If your vehicle inspection sticker is about to expire, you may want to call ahead if planning to head out to a station that performs the service, especially in Buda.
All vehicles in the state of Texas must pass a safety inspection to be street legal. The Texas Department of Public Safety (DPS), the state agency in charge of inspections, contracts the service out to private firms.
At Kwik Kar on Main Street in Buda in the late morning hours of Sept. 18, the attendant offered a friendly greeting, then dispensed the news that the business was out of inspection stickers.
A Hays Free Press employee said she twice tried to get her car inspected at the same location, with similar results: they ran out of stickers.
A poster on this newspaper’s Facebook page wrote, Justin Ivicic, wrote, “Last two times I’ve went to Kwik Kar in Buda they’ve told me the(y) were out of stickers.”
The attendant said it would be about two days until their stack of stickers would be replenished.
How does Kwik Kar run out of stickers in the middle of the month?
“We can only order 30 stickers at a time,” he said. “DPS only allows us to order so many.”
Additionally, he said the technician in charge of inspections was off-site temporarily.
Meanwhile, the attendant wasn’t aware of any other locations in town that could perform the inspection.
A short drive down Main Street to the Havoline just east of Interstate 35 proved that inspection stickers were available. However, the technician who could perform the service was also unavailable but would be back within the hour.
What is the process of ordering stickers from the DPS? One of the employees said they order them in batches of 50.
“We rarely run out,” he said.
All three attendants at that location snickered slightly when they heard about the first location running out of stickers. The employee who answered the first question said, “We get a lot of business from there.”
At the 4-Way Auto Shop in Kyle, John, one of the owners, said his inspection technician, his father John Senior, was out of the building performing an inspection. He explained how he orders stickers in batches of 50.
“If I’m down to 30, I’m already ordering more,” he said. “We do about 250 inspections a year and we hardly ever run out.”
DPS spokesperson Tom Vinger provided details on the state inspection process in an email.

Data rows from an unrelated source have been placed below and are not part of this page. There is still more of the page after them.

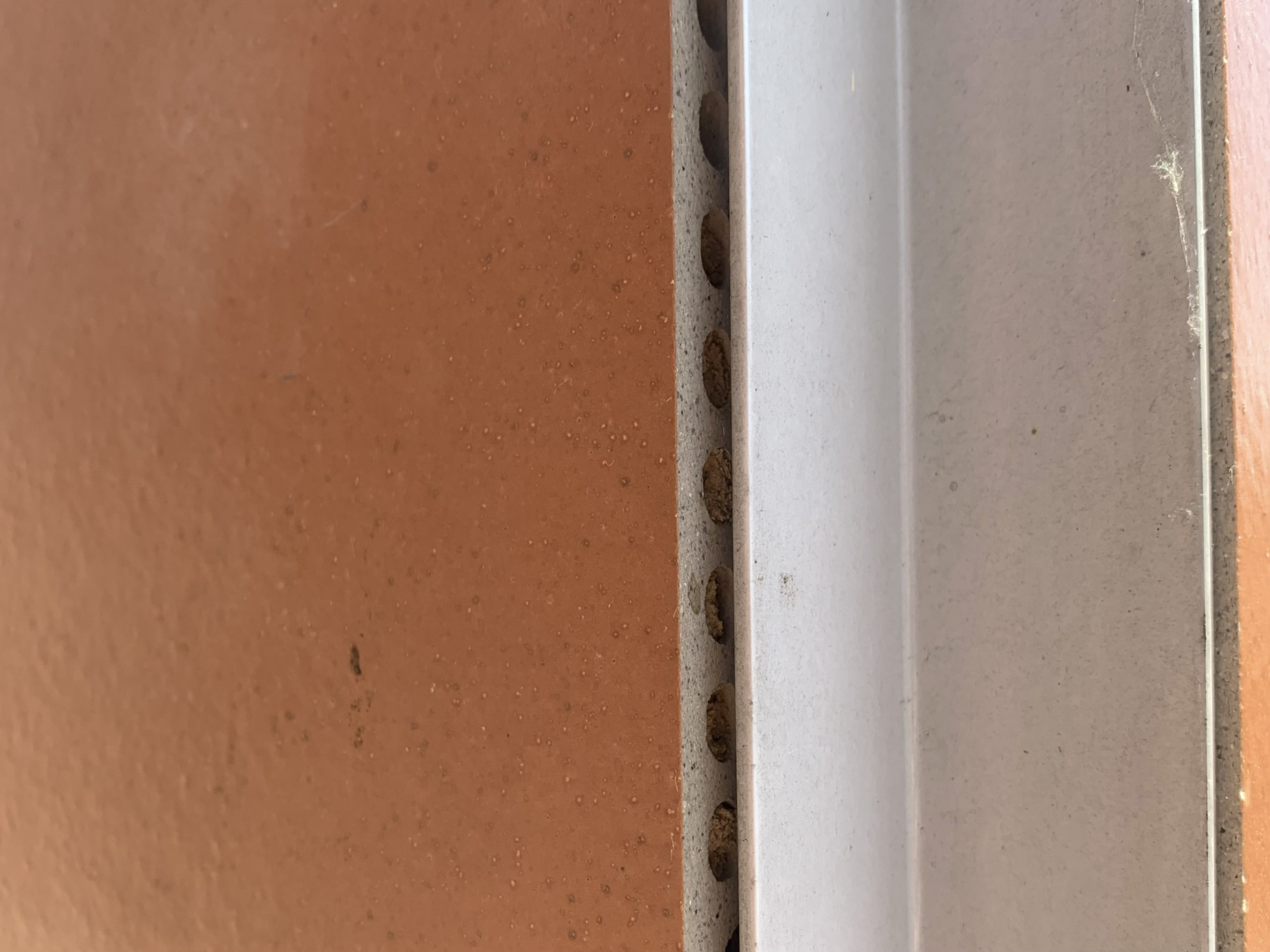 BUZZ_Emma_Johann_Process_web_13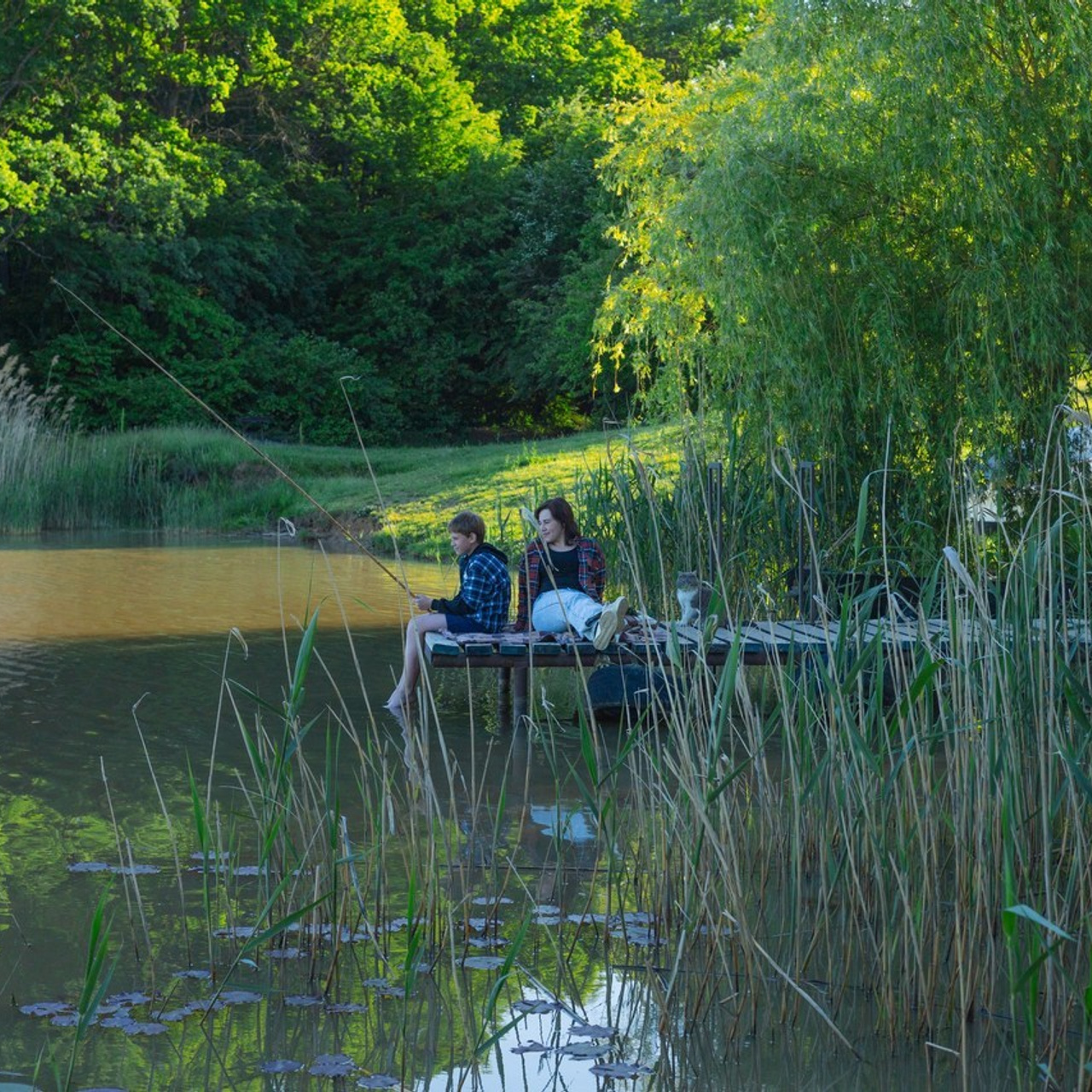 Отзывы. Фотограф в Северском районе| г. Краснодар Алена Заливчая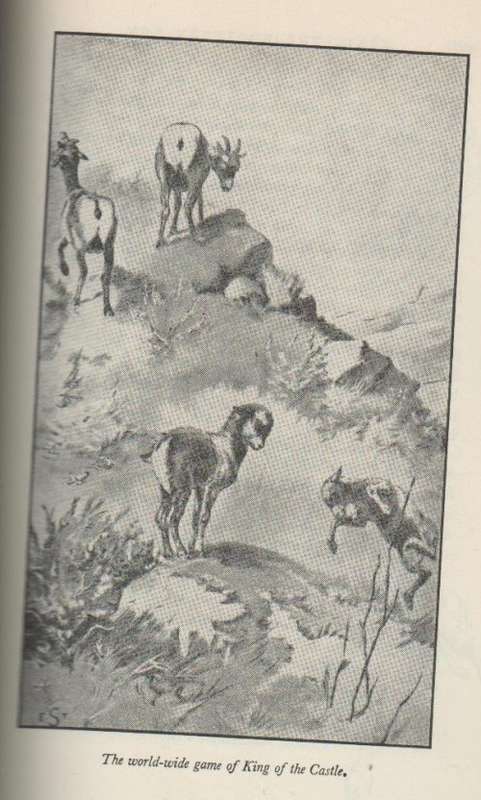 THE BEST OF ERNEST THOMPSON SETON   (2 ND IMPRESSION 1961)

That information said, in part, “All applicants for an inspection station license must submit an application to DPS. Stations purchase inspection certificates in advance from the department and issue them to passing vehicles. A public inspection station in Buda (Hays County) pays the department $7.50 for each certificate. When that certificate is issued to a vehicle that passes inspection, the station may charge the customer no more than $14.50. (Please note this may differ slightly for emissions counties.)”

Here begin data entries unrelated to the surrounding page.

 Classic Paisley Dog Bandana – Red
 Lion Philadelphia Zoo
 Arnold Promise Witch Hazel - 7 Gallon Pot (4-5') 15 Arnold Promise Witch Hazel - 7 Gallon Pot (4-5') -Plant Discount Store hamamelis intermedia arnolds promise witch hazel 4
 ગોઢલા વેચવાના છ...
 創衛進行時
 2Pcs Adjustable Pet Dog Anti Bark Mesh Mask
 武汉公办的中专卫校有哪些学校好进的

Included in the detailed information was a section on the sticker ordering process.
“Stations place their certificate orders with DPS via an automated system, which is available 24/7,” the email said. “An order received at DPS by 3 p.m. will generally be shipped out the same day. (Stations should take into account weekends and holidays.) Certificates are generally available by a book of 50 and can cost as much as $837.50 depending on the inspection certificate type. DPS does not sell individual certificates. In Buda, a book of 50 inspection certificates costs $375.”

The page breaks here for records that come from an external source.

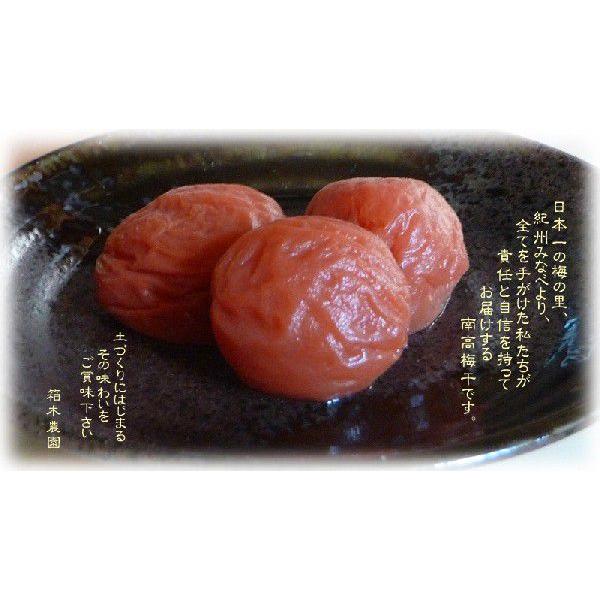 紀州南高梅干ししそ漬1kg入 : なおこの梅干蔵-箱木農園Yahoo!店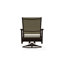Wexler Outdoor Swivel Lounge Chair-1099678792-1102391102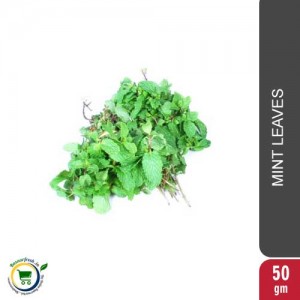 Mint Leaves [Pudina Patra] - 50gm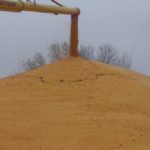 Iowa’s corn harvest at 92 percent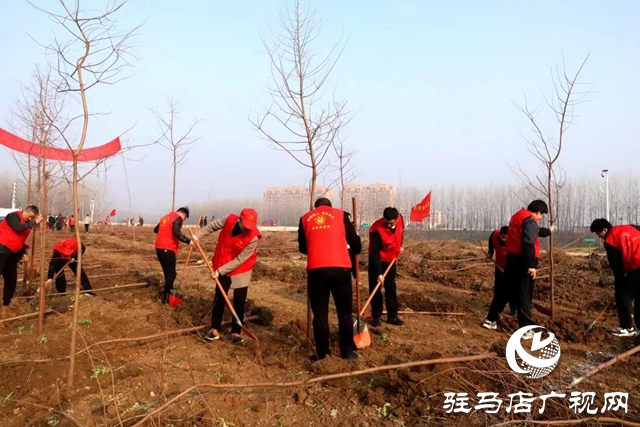 新蔡縣人民檢察院開(kāi)展義務(wù)植樹(shù)活動(dòng)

The email also cautioned that stations may incur penalties for running out of stickers.
“Stations must maintain a certificate inventory and manage that inventory, as they would any other commodity they sell,” the email said. “Failure to have certificates on hand is an offense that could result in an administrative penalty, including possible suspension of the station’s license and their authority to inspect, and in some cases, may result in charges filed in local JP courts.”
The email said DPS investigates complaints about stations that run out of inspection stickers.
“A station that has a history of failure to maintain a supply of certificates will be suspended,” it read.